The analysis reveals several key observations. Both the flow and packet counts (metrics n_flows and n_packets) increase significantly, yet they rise in parallel, indicating a one-packet flow characteristic. Despite the increase in flows and packets, the transmitted data (metric n_bytes) does not rise correspondingly, suggesting that the packets involved are small in size. Furthermore, the number of destination ports (metric n_dest_ports) remains steady, dismissing the possibility of a scan. A significant shift in the TCP/UDP ratio (metric tcp_udp_ratio_bytes) is observed, with almost all the anomalous traffic being UDP, further supporting the DoS identification.
Additional metrics reinforce this conclusion.
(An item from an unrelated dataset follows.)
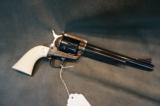 Colt New Frontier 45LC 7 1/2" made in 1962 w/Ivory grips - 4 of 6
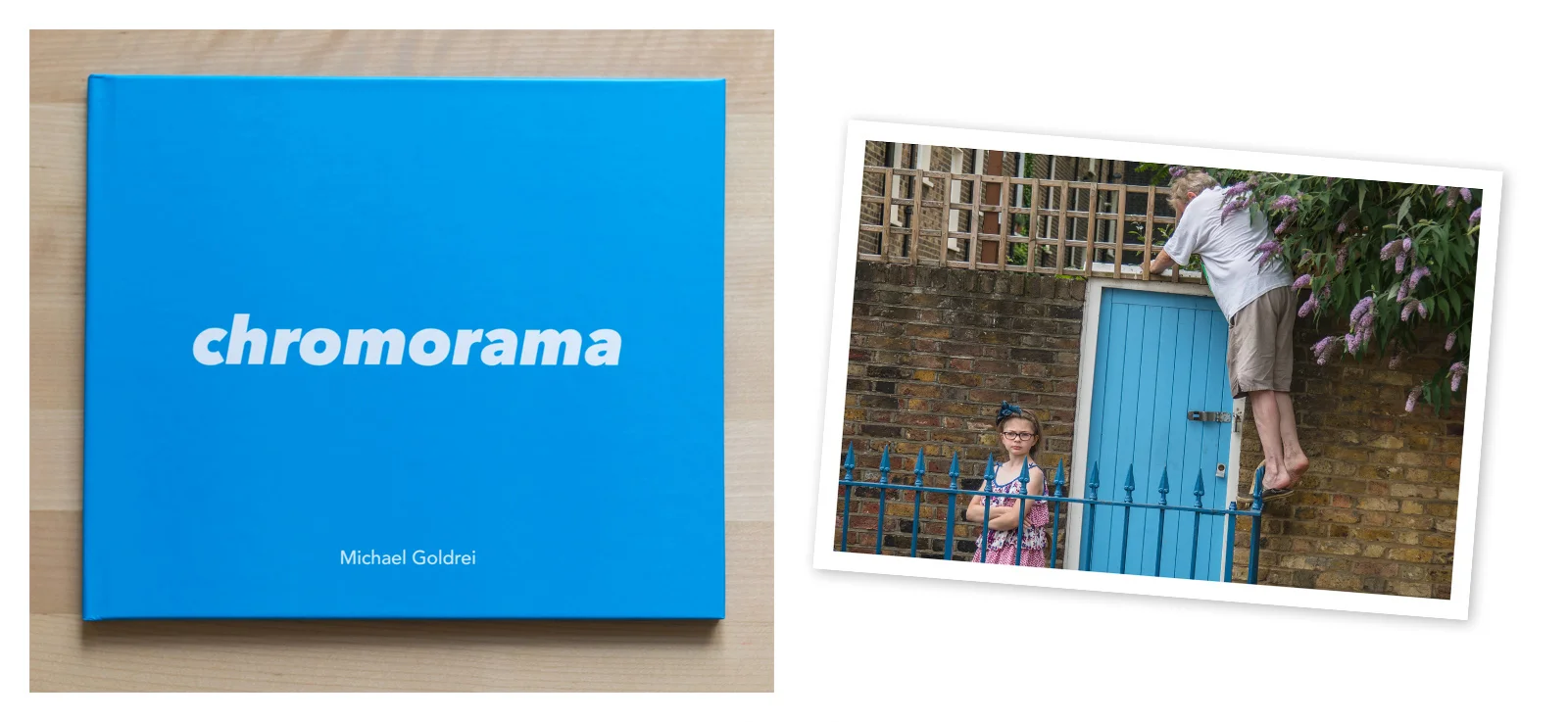 Blue Edition (Edition of 1)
The traffic direction (metric dir_ratio_bytes) is near zero, indicating nearly all the anomalous traffic is directed toward the monitored IP address. The average duration of the flows (metric avg_duration) is close to zero, consistent with one-packet flows typically seen in DoS attacks. The Time To Live (TTL) values (metric avg_ttl) remain nearly constant during the anomaly, implying that the traffic likely originates from a single source. Finally, the number of destination IPs (metric n_dest_ip) shows a slight decrease, reinforcing the idea of a singular sender and confirming the effectiveness of the DoS attack. These combined metrics clearly point to a DoS event targeting the monitored IP address.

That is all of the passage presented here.